Rising Rents vs Home Price Appreciation: The Debate Heats Up

By SCOTT KIMBLER

Across the country, especially in urban metropolitan areas, it’s becoming as difficult to find a rental property as it is to buy a home.

“It’s just going to keep happening,” said economist Roy Black of Emory University’s Goizueta Business School. “It is the perfect storm: Supply chain issues, inflation, gas prices going up. It is everything happening from different angles. The middle class, even the upper middle class, is being squeezed. Prices are squeezing the people whose salaries are not increasing at the pace of the cost of living. About the only thing people can do is bargain-hunt until they find something or move farther and farther out where the rents are cheaper.”

Elizbeth Rose with Mortgage 300 in Dallas, Texas agrees with Black that supply and demand is the force behind the current market. She says there aren’t many signs of prices leveling in the short term.

“Apartmentlist.com put out a recent report that shows rents are rising year over year (December 2020 to December 2021) at just over 17 percent, while home appreciation prices are just over 18 percent,” Rose said. “They are tracking pretty much together. Both can point to a lack of inventory and lack of availability. We have a lack of multiunit housing for people wanting to rent, just like we have a shortage of single-family houses for people wanting to buy.”
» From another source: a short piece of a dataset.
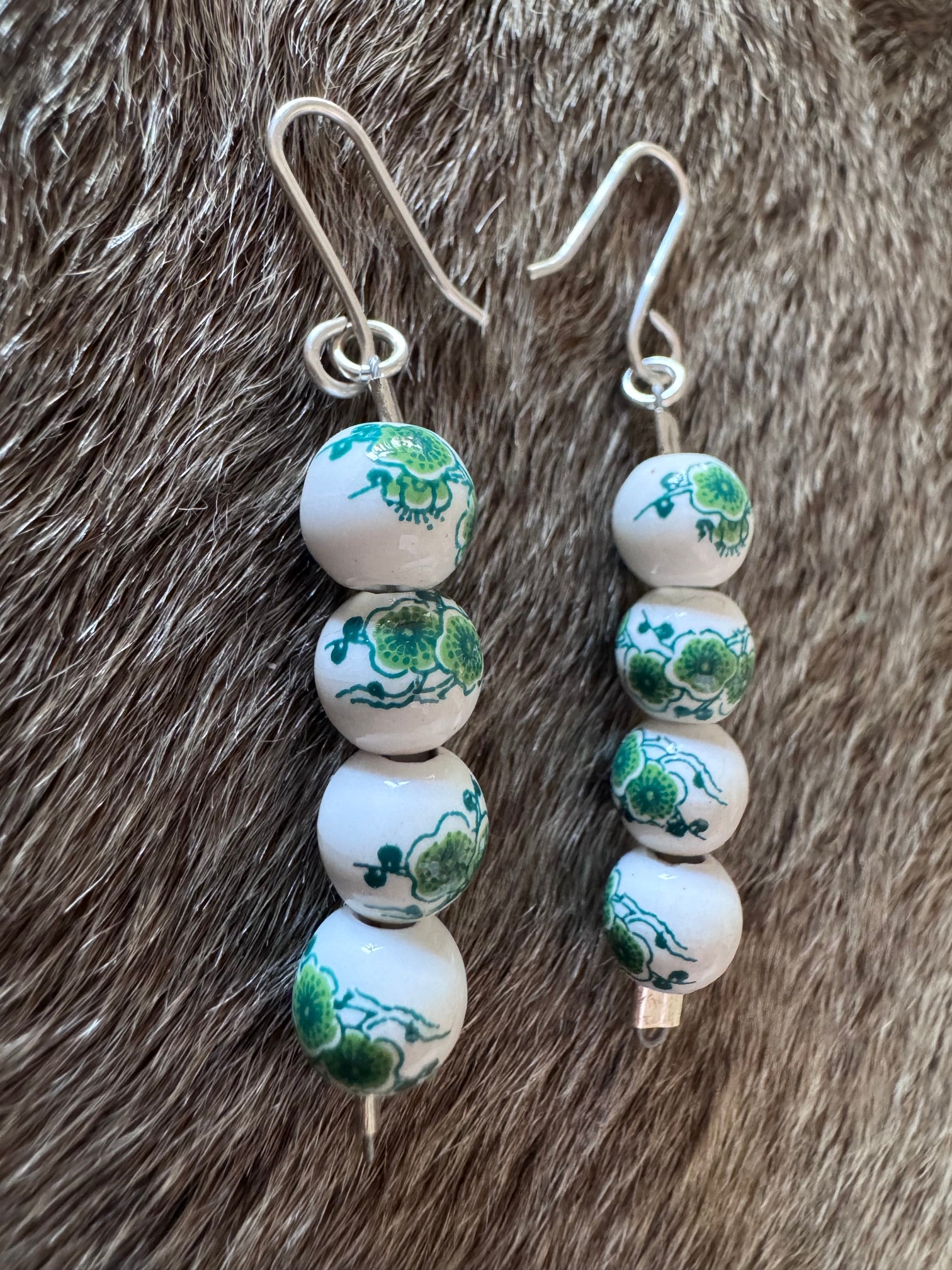 Handmade Sterling Silver Green Floral Beaded Wire Dangle Earrings by Roaming Buffalo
“The only good news I can give you is the only thing certain in the real estate market is it is going to change,” Black said. “Just ten years ago, you could buy a house in Clayton County, Georgia for $15,000. For $25,000, you could buy something really nice. Today, that is not even a down payment. The supply of houses will change. It’s going to take a few years to get caught up. Homebuilders will build as fast as they can, and it will change.”

The Fed says it will raise interest rates starting in March, but housing experts question whether that will have significant impacts on the housing market.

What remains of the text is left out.